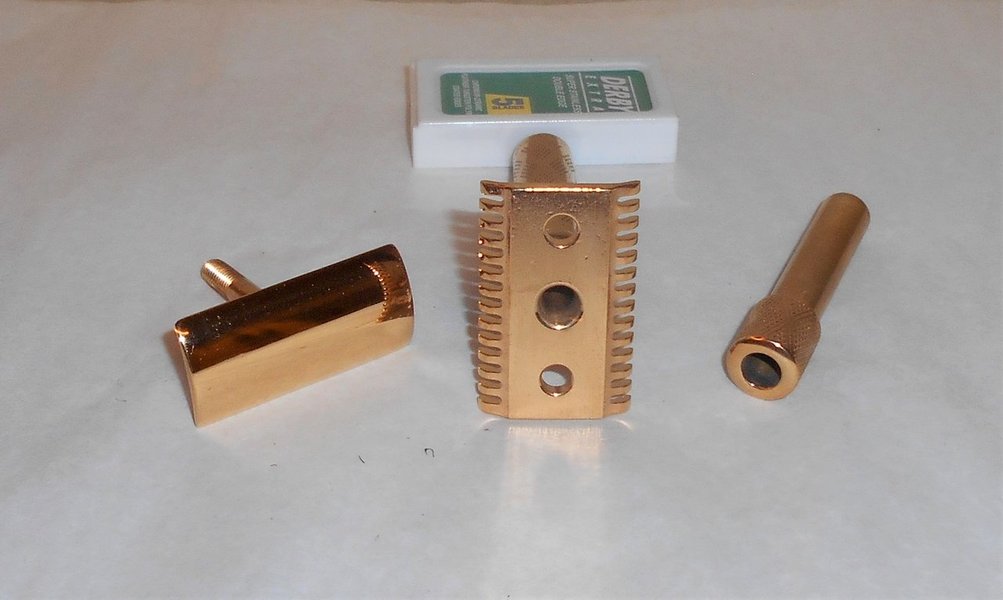 Gillette 1922 Aristocrat Refurbished Replated 24 Karat Gold Three-Piece Razor 12–14 (22).JPG Gillette 1922 Aristocrat Refurbished Replated 24 Karat Gold Three-Piece Razor 12–14 (22).JPG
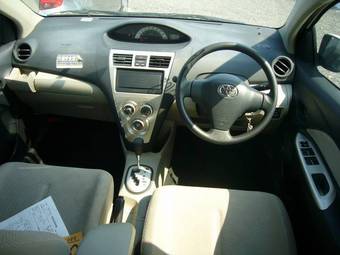 2006 Toyota Belta Pictures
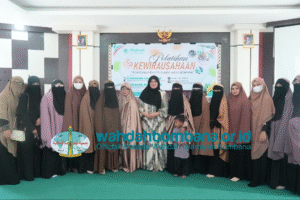 Pelatihan Kewirausahaan Muslimah Wahdah Daerah Bombana, Bisnis Mesti Tumbuh dari Sikap Optimis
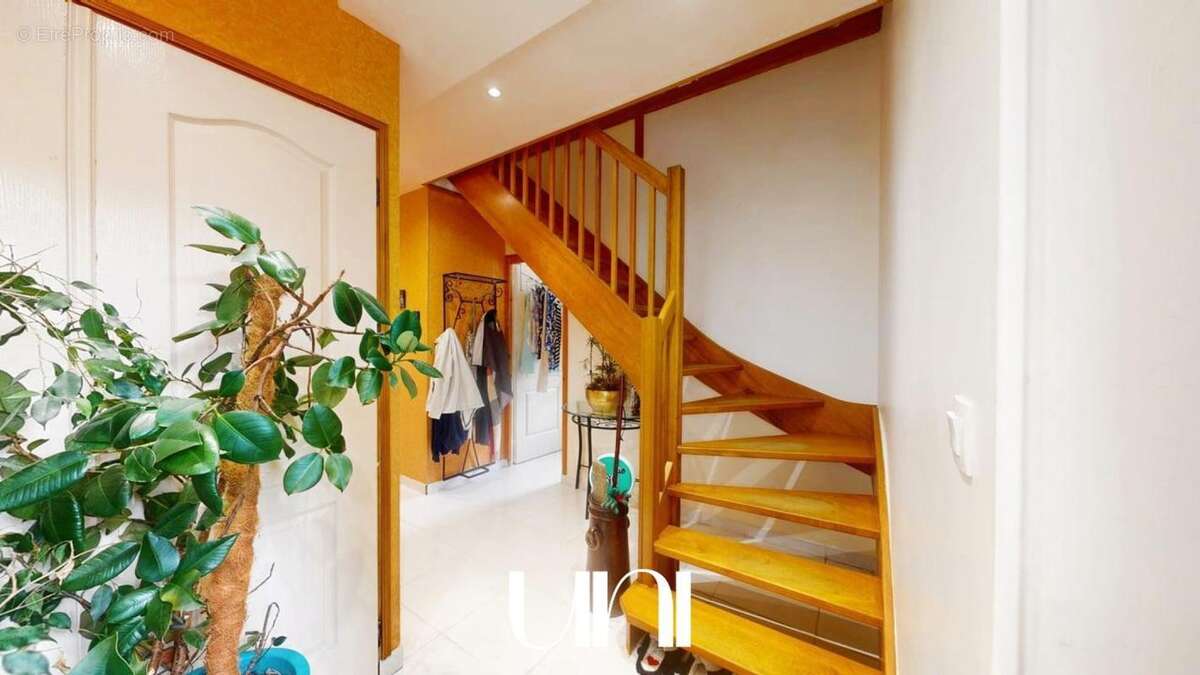 Maison à MEZIDON-CANON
────────────────────
Task description >>
Every line of the material must be reproduced verbatim; the pictures are to be omitted.

Solution >>
 Gillette 1922 Aristocrat Refurbished Replated 24 Karat Gold Three-Piece Razor 12–14 (22).JPG Gillette 1922 Aristocrat Refurbished Replated 24 Karat Gold Three-Piece Razor 12–14 (22).JPG
 2006 Toyota Belta Pictures
 Pelatihan Kewirausahaan Muslimah Wahdah Daerah Bombana, Bisnis Mesti Tumbuh dari Sikap Optimis
 Maison à MEZIDON-CANON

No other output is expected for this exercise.